En 2025, plus de 50 millions de Français détiennent un Livret A, souvent perçu comme un placement simple et sûr. Mais peu savent où va réellement l’argent qu’ils y déposent. Derrière cette épargne populaire se cache un système de gestion complexe, souvent opaque. Alors, entre logement social, entreprises cotées et financements controversés, que devient votre argent une fois déposé ?
Le Livret A : entre taux en baisse et gestion centralisée
Depuis février 2025, le taux du Livret A est passé de 3 % à 2,4 %, une décision motivée par la baisse de l’inflation. Ce taux, fixé deux fois par an, reste supérieur à celui d’autres produits bancaires classiques, mais son rendement réel, une fois l’inflation déduite, reste faible à long terme.
Les fonds collectés, qui atteignaient 444,2 milliards d’euros fin mars, sont centralisés à la Caisse des Dépôts. Officiellement, ils servent à financer le logement social, les hôpitaux ou la transition énergétique. Mais dans la pratique, une partie est aussi investie dans des actions et obligations d’entreprises.
Un exemple frappant illustre les limites de ce placement : un épargnant ayant déposé 10 euros en 2005 sur son Livret A se retrouve avec seulement 13,70 euros vingt ans plus tard. Face à cette rentabilité décevante, de nombreux Français se tournent vers le LEP ou l’assurance-vie pour espérer un meilleur rendement.
Ce que révèle l’enquête sur les usages réels des fonds
Une question revient souvent : l’argent du Livret A finance-t-il vraiment l’intérêt général ? Dans un reportage diffusé en mai 2025, le journaliste Hugo Clément a mis en lumière des investissements surprenants. Il révèle que la Caisse des Dépôts détient plus d’un milliard d’euros d’actions chez Saint-Gobain, mais aussi des revenus liés à la chasse à courre sur des terres forestières.
L’enquête montre aussi que certaines grandes banques continuent de financer des projets polluants à l’étranger via des entreprises liées au charbon ou au gaz. Le Crédit Agricole, pourtant promoteur d’une finance responsable, a dû se retirer d’un projet gazier sous pression citoyenne.
Des militants comme Peter Bosip, venu de Papouasie, ou Ariel Le Bourdonnec, ancien salarié d’un grand assureur, dénoncent cette contradiction entre communication verte et investissements opaques. Le Livret A, tout comme le LDDS, finance parfois des projets éloignés de l’image solidaire que leur nom suggère.
Livret A : peut-on vraiment choisir où va son argent ?

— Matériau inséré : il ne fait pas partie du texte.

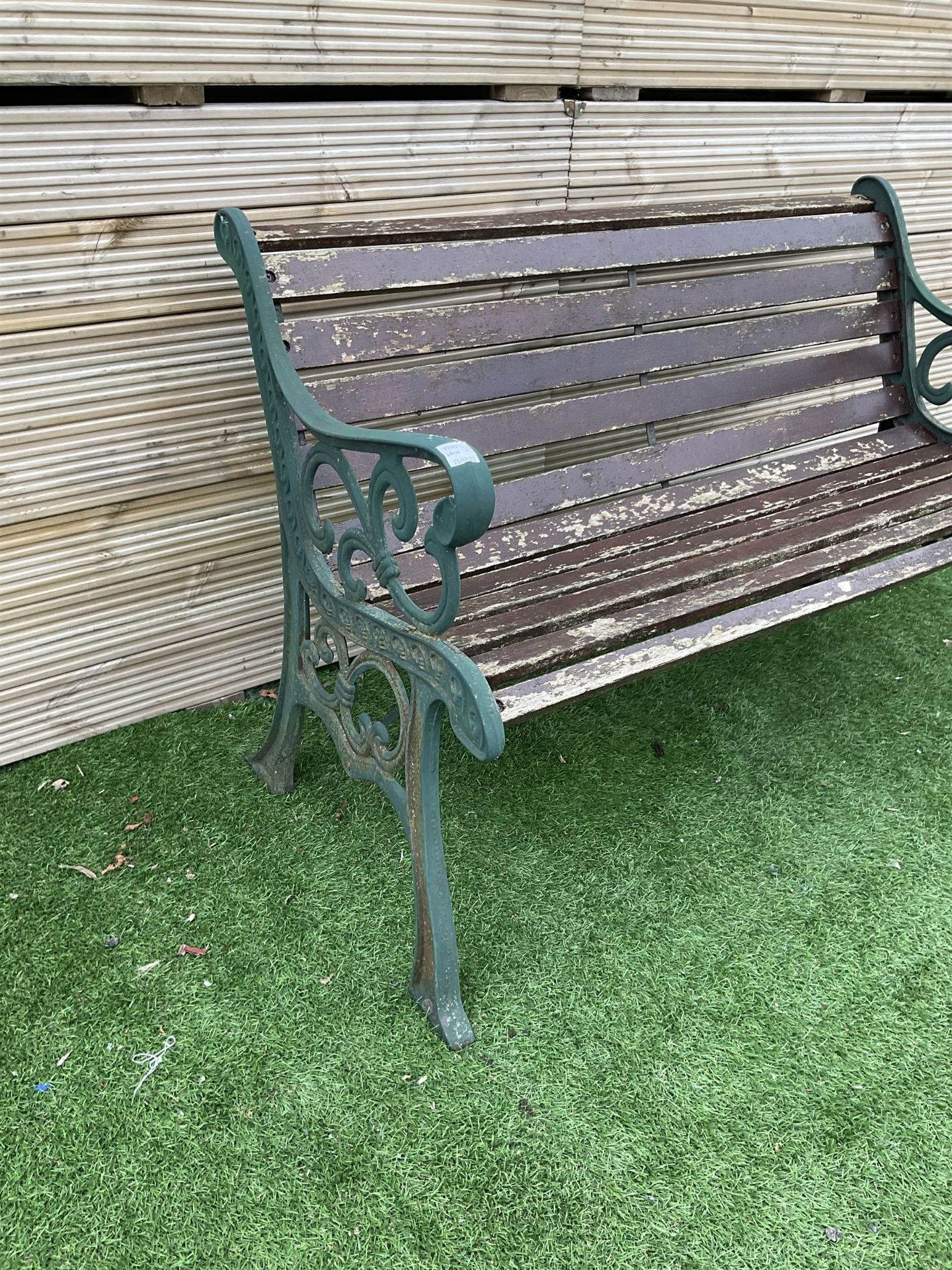 Cast metal and wood slatted garden bench - Image 3 of 3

Beaucoup d’épargnants pensent que placer leur argent sur un Livret A ou une assurance-vie responsable garantit une certaine éthique. En réalité, la traçabilité des fonds reste très limitée. Même avec le label ISR, certaines assurances-vie ont soutenu des groupes pétroliers comme ExxonMobil ou TotalEnergies.

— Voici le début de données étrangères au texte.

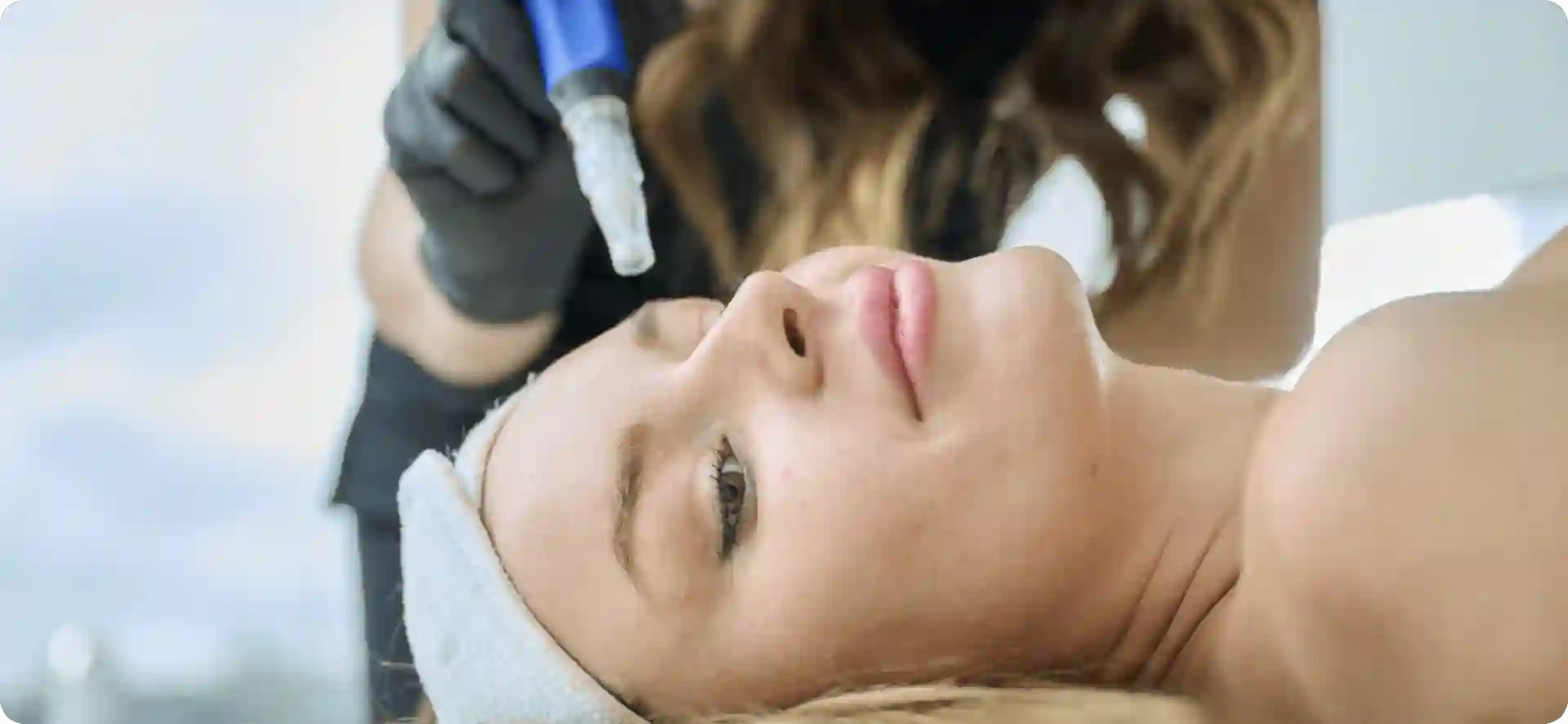 How Do Microneedles Trigger New Collagen and Elastin in Loose Skin Leicester?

Depuis janvier 2025, les fonds ISR ne peuvent plus investir dans les énergies fossiles. Toutefois, certaines sociétés de gestion préfèrent abandonner ce label plutôt que modifier leur stratégie. Cela alimente la défiance de nombreux clients, désireux de financer des projets alignés avec leurs valeurs.
Pour l’instant, aucune plateforme officielle ne permet de connaître en détail les entreprises financées via les fonds du Livret A. Les associations comme Reclaim Finance militent pour plus de transparence. En attendant, les épargnants n’ont guère d’autre choix que de s’informer eux-mêmes… ou d’espérer une réforme du système.